Repercussão na mídia internacional

A medida bárbara e criminosa realizada por bolsonaristas radicais na tarde de ontem repercutiu rapidamente nas manchetes dos principais veículos de imprensa estrangeiros.

“Por trás do que aconteceu [em Brasília] está, em última análise, não apenas a incapacidade de Bolsonaro de aceitar a derrota, mas o veneno de uma estridente extrema-direita que, tanto nos Estados Unidos quanto no Brasil e em outros países, não é capaz de aceitar as regras do jogo democrático e procura por todos os meios, incluindo a força bruta, tomar o poder”, publicou o Jornal El País em seu editorial.
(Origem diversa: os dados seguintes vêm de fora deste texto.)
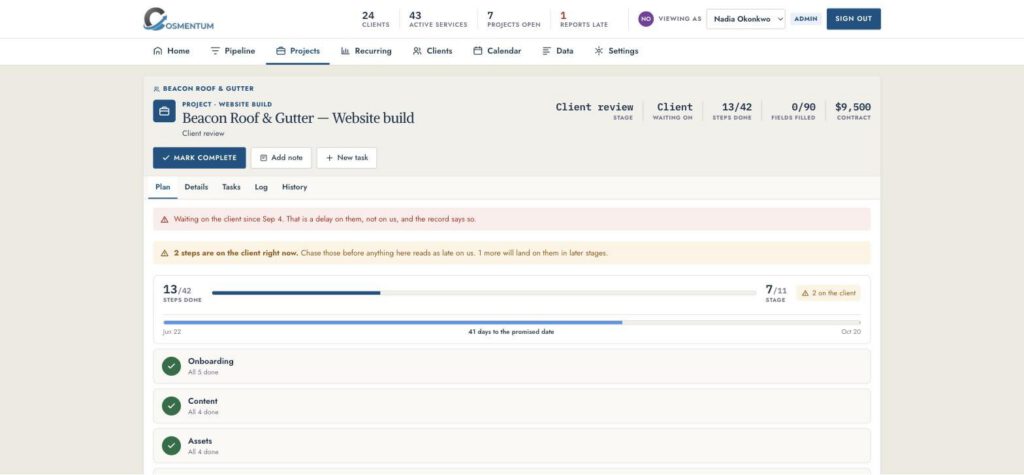 A website build in Cosmentum, waiting on the client, with steps done and days to the promised date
O jornal americano The New York Times disse que este ato foi o resultado de “incessantes ataques retóricos aos sistemas eleitorais do país por parte de Bolsonaro”.

O veículo Washington Post também se posicionou sobre o acontecimento: “Nas semanas que antecederam os violentos ataques de domingo ao Congresso do Brasil e outros prédios do governo, os canais de mídia social do país estavam cheios de apelos para que se atacasse postos de gasolina, refinarias e outras infraestruturas, bem como para que as pessoas viessem a uma ‘festa do grito de guerra’ na capital, de acordo com pesquisadores brasileiros de mídia social.”